[INFORMATION SUPPLIED Boundary: Start]

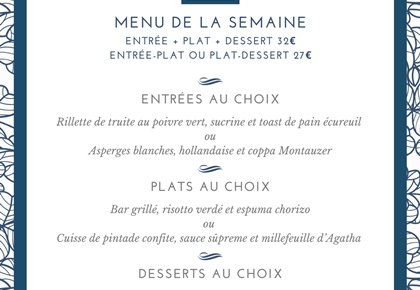Menu déjeuner de la semaine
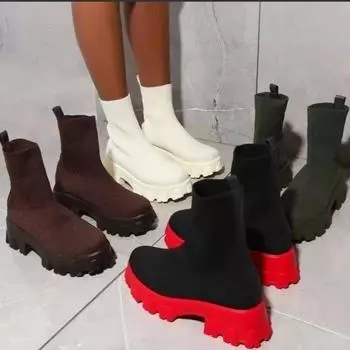 Independent Station Большие размеры Fly-woven Boots 2024 Новые пары носков Обувь Платформа Высокие сетчатые ботинки Женская обувь 35 белый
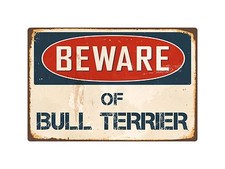 Beware Of Bull Terrier 8" x 12" Vintage Aluminum Retro Metal Sign VS083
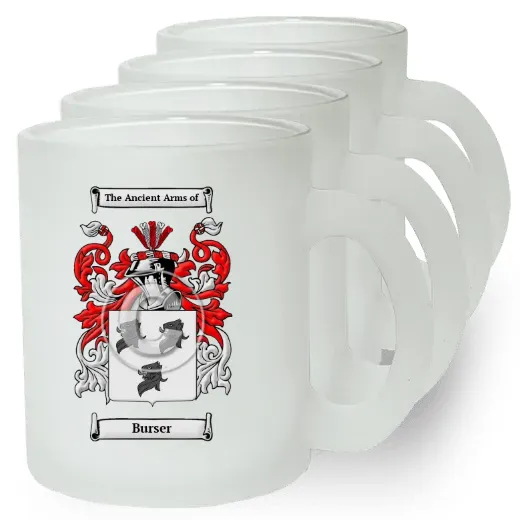 Burser Set of 4 Frosted Glass Mugs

[INFORMATION SUPPLIED Boundary: End]

▶ _PROBLEM TO SOLVE_
Retype all of the material above precisely as it reads. Pictures are not part of the copy.

▶ _EXERCISE OUTPUT_
Menu déjeuner de la semaine
 Independent Station Большие размеры Fly-woven Boots 2024 Новые пары носков Обувь Платформа Высокие сетчатые ботинки Женская обувь 35 белый
 Beware Of Bull Terrier 8" x 12" Vintage Aluminum Retro Metal Sign VS083
 Burser Set of 4 Frosted Glass Mugs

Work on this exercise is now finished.